Refusant les explications historicistes existantes autour de la figure du


grand savant, Latour leur substitue des forces et des acteurs. Porte-parole
et amplificateur d’un mouvement déjà existant, Pasteur est parvenu à
capter les intérêts d’une grande partie de ses contemporains, puis à
construire un théâtre de la preuve rendant spectaculaire sa réussite. Dans
cette analyse historique du pouvoir, l’idée centrale est la suivante : il s’agit
de décomposer Pasteur en la multitude de forces qui l’ont rendu possible –
les hygiénistes, les médecins militaires, les patients, les fermiers, les
microbes, le régime impérial.

Il n’y a pas de contradiction dans le fait de décomposer le pouvoir de


Pasteur et de reconnaître, simultanément, son ingéniosité. Il faut
simplement revoir notre compréhension de la puissance.

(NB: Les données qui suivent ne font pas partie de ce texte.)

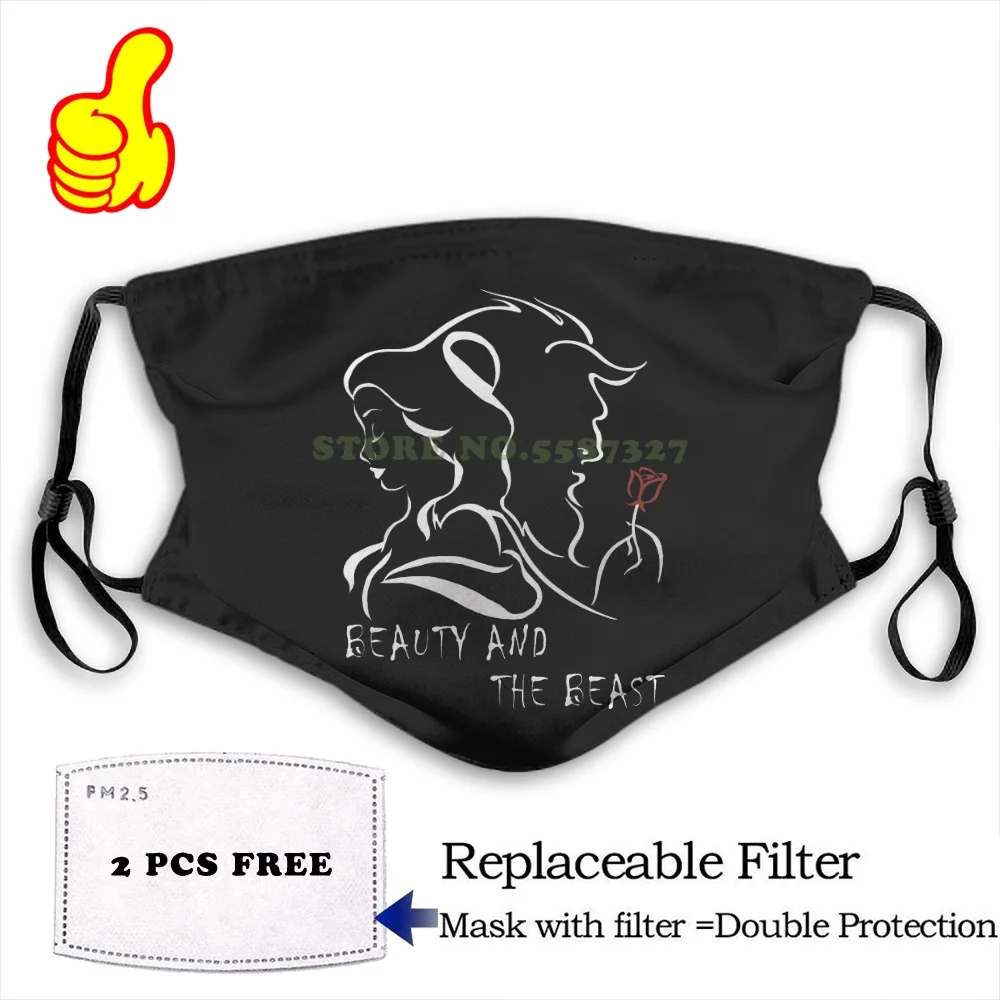 Face Mask Beauty and The Beast Silhouette Anti Dust with filter for men women kids girl boy teens Washable black masks | Аксессуары для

La puissance
n’est pas un réservoir mystérieux dans lequel puisent les grands hommes,
mais le résultat d’associations locales entre de nombreux agents : « une
idée, même géniale, même salvatrice, ne se déplace jamais seule. Il faut
une force qui vienne la chercher, s’en empare pour ses propres motifs, la
déplace et, peut-être, la trahisse. »

En retraçant « l’histoire commune » des sciences, des techniques et des


sociétés, Les Microbes et Irréductions défendent une métaphysique qui
n’accepte pas la distinction entre la nature et la société. Le traité de
philosophie commence par une parabole, celle de Robinson, et par une
autre référence littéraire, Defoe, mais surtout Tournier, qui réécrit le
mythe. Robinson vu par Tournier découvre, en acceptant de suivre
Vendredi, « un nouveau monde, un nouvel ordre des choses ». Sur cette
île, Robinson est seul. Alors que « Vendredi a des rivaux, des alliés, des
ennemis, des amis, des confidents, une population de frères et de brigands
dont un seul porte le nom d’homme ».